Western sevmeyen insana bile kendini izlettirmeyi başaran harika yeni hbo dizisi. Yalnızca oyuncu ve oyunculuklar bile kendini izlettirir cinsten.
ilk bölümden pek birşey anlayamadık ama efsanenin doğuşuna tanıklık ediyoruz benden söylemesi. yeni fenomen olacak bu yapım. ed harris ve anthony hopkins reyizler varsa zaten boş olmaz bi iş.

ayrıca herşey bi kenara Shannon Woodward adında şöyle güzellik, çekicilik ve cazibe abidesi bir hatun var dizide.

görsel

kesinlikle izlenmeli. 10 üzerinden 9.8 verdim.
yeni dizi ararken hbo'yu görünce şöyle bi baktım. western ve bilim kurgu olarak etiketlenmiş daha da meraklandım. derken introsunu dinledim ve ramin djawadi'den çıktığını gördüm. ayıla bayıla da izledim.

https://www.youtube.com/watch?v=QeBik_YHBYM
yayınlanan son bölümü ile suratımda salak bir gülümseme bırakan dizi. izleyen arkadaşlar bana, "bro senin meşhur lafın geçiyor bu bölümde" dediler. irdelemeye çalıştım ama söylemediler. izledim ve, "evrimin, hayati yaratırken kullandığı tek araç vardi. o da hataydı." repliği ile karşılaştım. bu benim düşüncemdi her zaman. ben insanın bu kadar bilinçlenmesini doğada oluşan bir bug gibi görüyordum.

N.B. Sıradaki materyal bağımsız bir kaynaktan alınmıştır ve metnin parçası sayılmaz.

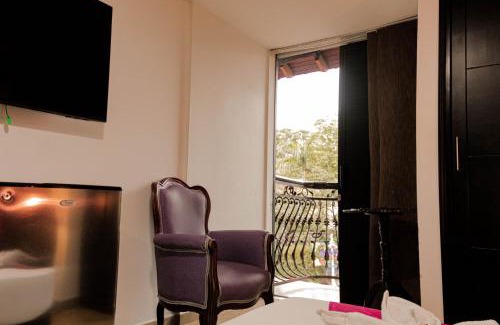 Caldas Hotel | Budget-Friendly Stay at Hotel Plaza Garibaldi – Child Friendly!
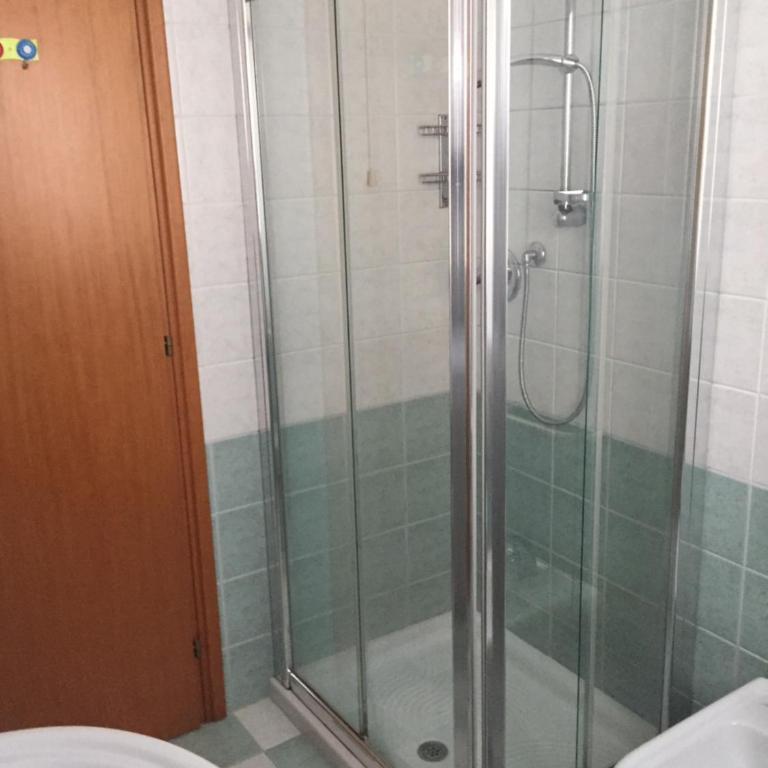 Due camere, vicino al mare - CONDOMINIO OLIMPIA - Appartamento con 2 Camere da Letto - 4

diziye dönecek olursak, inanılmaz bir alt metinle geliyor. gerçekten nolan'lar bu işin grandmaster'ı olmuş.
Henüz ilk bölümünü izleyebildiğim bir dizi ancak okuduğum tüm yorumlar olumluydu. Çok önem verdiğim birisinin yoğun ısrarları sebebi ile başlamıştım. Mantığı ve kalitesi çok çok iyi olan bir yapım olmuş. Bölümün başlarında kafama takılan birçok şey olsa da devam ettikçe hepsini anladım. Şuanda da eksiklik gibi gelen birkaç detay var ama sorun yine benle alakalı olabilir diyerekten yazmıyorum, ilerleyen bölümlerde muhtemelen onların da cevabını alacağım.
efsane bir dizi olur bu.
Bir cacık olmayacak ortalama dizi. izlenmez mi derseniz izlenir ama bir efsane çıkar mı... Çıkmaz.
3.bölümü itibariyle

(bkz: başını vermeyen şehit)
kimse söylemeye cesaret edemez ama tek kelimeyle sıkıcı.